Retype the entries below exactly, dropping the images.

- [Captioned web images]
──────────

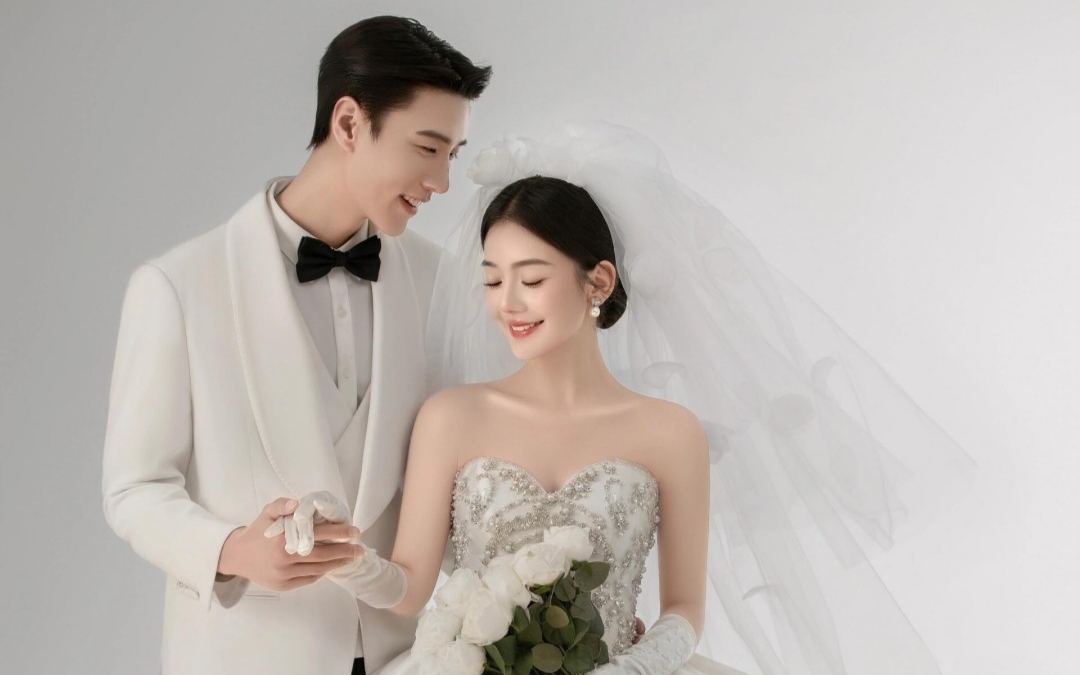 浪漫又特别的极简风婚纱照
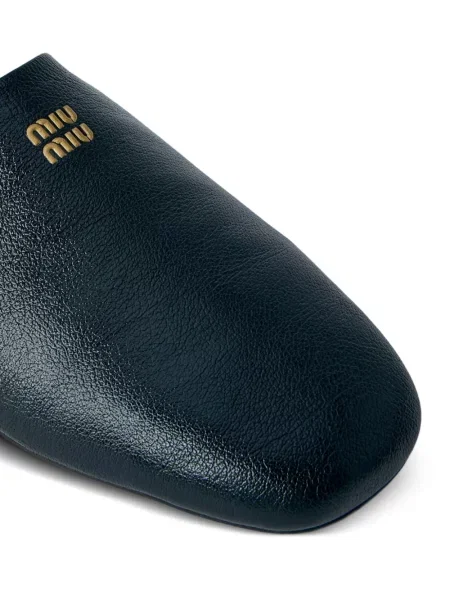 Bőr otthoni papucs Miu Miu autogrammal zöld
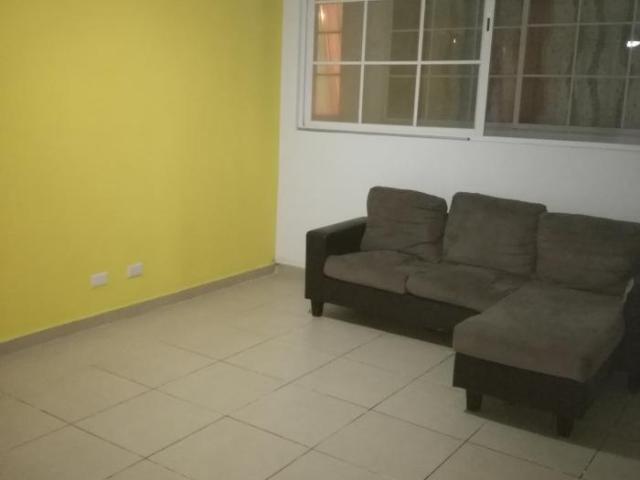 Se alquila 550
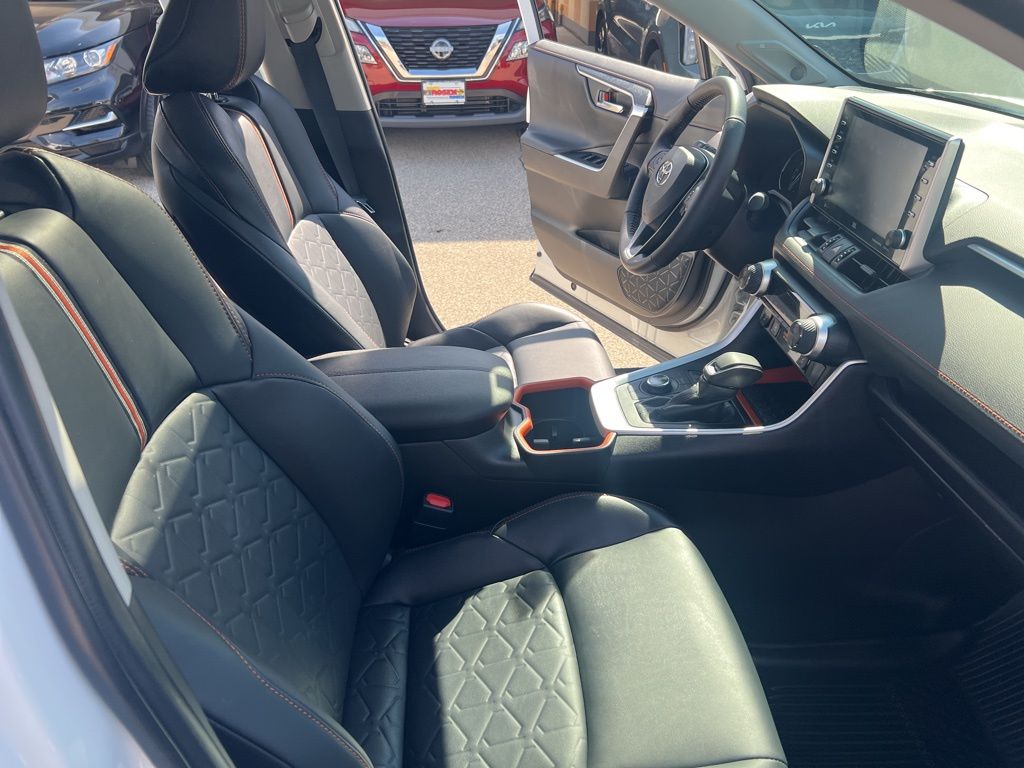 2022 Toyota RAV4 Adventure photo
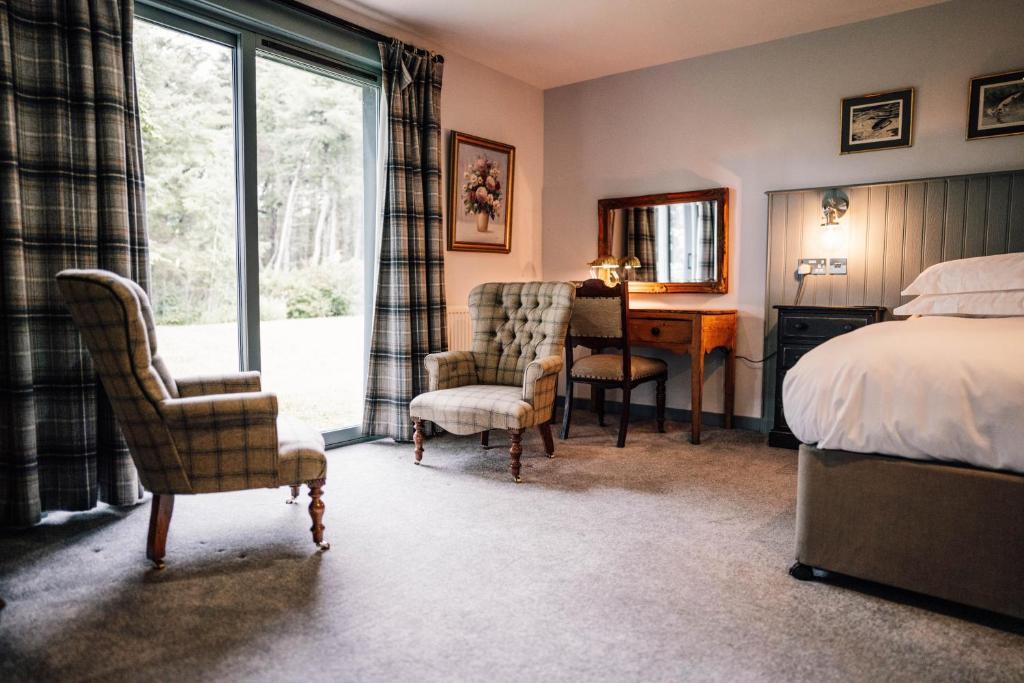 deluxe river house 2/3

──────────

- [Reply to the exercise]
 浪漫又特别的极简风婚纱照
 Bőr otthoni papucs Miu Miu autogrammal zöld
 Se alquila 550
 2022 Toyota RAV4 Adventure photo
 deluxe river house 2/3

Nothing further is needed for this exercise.